Crise dans l’éducation : le G7 rejette l’offre de l’État et maintient la pression


Le bras de fer entre le gouvernement sénégalais et les syndicats de l’enseignement se poursuit, sans avancée décisive. Réunis en plénière le mercredi 25 mars 2026 à Dakar, les membres du G7 ont décidé de ne pas valider la dernière proposition soumise par les autorités, optant plutôt pour une révision en profondeur du document.

La rencontre s’est tenue au siège du Syndicat des Inspectrices et Inspecteurs de l’Éducation nationale du Sénégal, où les syndicats les plus représentatifs du secteur ont passé au crible le projet de protocole d’accord transmis par le ministère de la Fonction publique. À l’issue des discussions, plusieurs amendements ont été introduits, traduisant les réserves des enseignants face à certaines dispositions jugées insuffisantes ou ambiguës.

Les responsables syndicaux articulent leurs exigences autour de trois points majeurs : la prise en compte intégrale du passif social, la fixation de délais précis pour l’exécution des engagements de l’État, ainsi que la clarification des passages du texte considérés comme équivoques. Le document amendé devrait être transmis prochainement au gouvernement pour examen.

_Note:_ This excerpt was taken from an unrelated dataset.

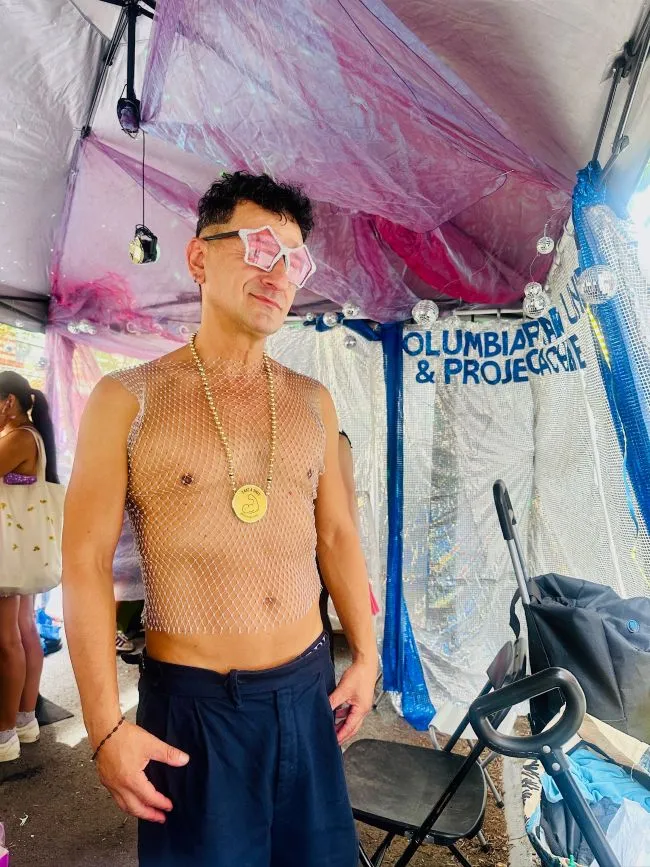 A man wearing star shaped sunglasses and a mesh shirt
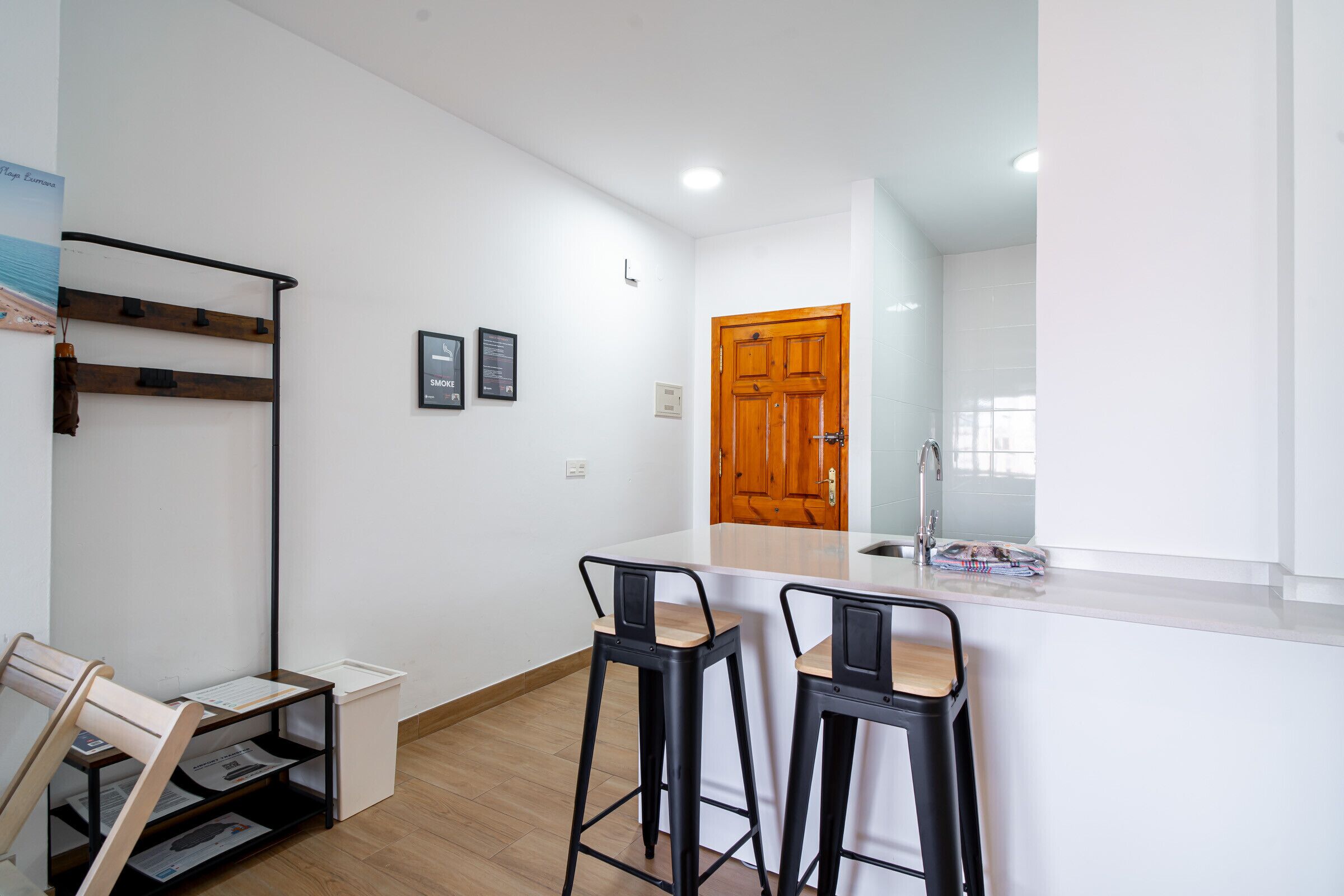 Una cocina moderna con puerta de madera, dos taburetes de bar, encimera blanca y un lavamanos pequeño.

Dans le même temps, le G7 appelle à l’organisation d’une réunion de suivi durant les vacances du second semestre. Les syndicats souhaitent que cette rencontre soit présidée par le Premier ministre, afin de faciliter des arbitrages de haut niveau et d’aboutir à des solutions définitives.

En amont, les organisations ont également évalué leur sixième plan d’actions. Elles se félicitent de la mobilisation enregistrée ces dernières semaines, notamment lors de la conférence de presse du 13 mars et du rassemblement des enseignants à Dakar-Plateau. Une dynamique qui, selon elles, témoigne de la détermination de la base.

Les procès-verbaux des assemblées générales font état d’une volonté de poursuivre la lutte si aucune avancée concrète n’est obtenue. Les syndicats dénoncent notamment « l’immobilisme » et une « stratégie du pourrissement » qu’ils imputent aux autorités.

Dans ce contexte de tensions persistantes, les négociations à venir s’annoncent déterminantes pour l’avenir du dialogue social dans le secteur de l’éducation au Sénégal.